Crew8 News, Solok, 12 Juli 2025 – Di sebuah rumah sederhana di pinggiran Kabupaten Solok, Qorry Syuhada menjalani keseharian yang penuh dengan pengorbanan.
Di balik senyum lelahnya, ia adalah ibu dari dua anak kecil, anak perempuan yang merawat orang tua yang sering sakit sakitan, serta kakak.
Namun kini, ia juga memikul beban sebagai seorang pegawai honorer non-ASN yang tengah kehilangan tempat berpijak, bukan karena kesalahannya, melainkan karena sistem yang abai pada rasa.
Beberapa waktu lalu, Qorry menerima keputusan lisan, ia dipindahkan dari tempat tugasnya ke lokasi lain yang berjarak puluhan kilometer dari rumah, tak ada surat resmi, tak ada dasar administrasi, tak ada proses musyawarah, apalagi empati, yang datang hanya perintah ,dan pemblokiran akses absensi, seolah ia tak lagi diizinkan bekerja.
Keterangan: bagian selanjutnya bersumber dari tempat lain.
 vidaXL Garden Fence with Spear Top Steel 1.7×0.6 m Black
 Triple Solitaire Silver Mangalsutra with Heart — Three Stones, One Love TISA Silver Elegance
“Saya tidak pernah menolak tugas, Saya hanya ingin diberi kesempatan menjalankan pekerjaan sambil tetap memenuhi kewajiban sebagai anak dan ibu, tapi dengan jarak sejauh itu, bagaimana bisa saya tinggalkan semua tanggung jawab di rumah?” ujarnya pelan, sembari menatap ke arah orang tuanya yang terlihat lemah.
Pemindahan ini bukan sekadar soal pekerjaan, bagi Qorry, ini adalah perkara hidup dan martabat.
Ia adalah satu dari ribuan honorer yang telah masuk database BKN dan mengikuti seleksi PPPK, namun tetap berada dalam ketidakpastian status, Kini, bahkan hak untuk hadir pun dirampas diam-diam.
Tidak tinggal diam, Qorry menyusun surat keberatan.
Ditujukannya kepada Komisi Aparatur Sipil Negara (KASN), Ombudsman RI, Kementerian PAN-RB, dan Komnas HAM.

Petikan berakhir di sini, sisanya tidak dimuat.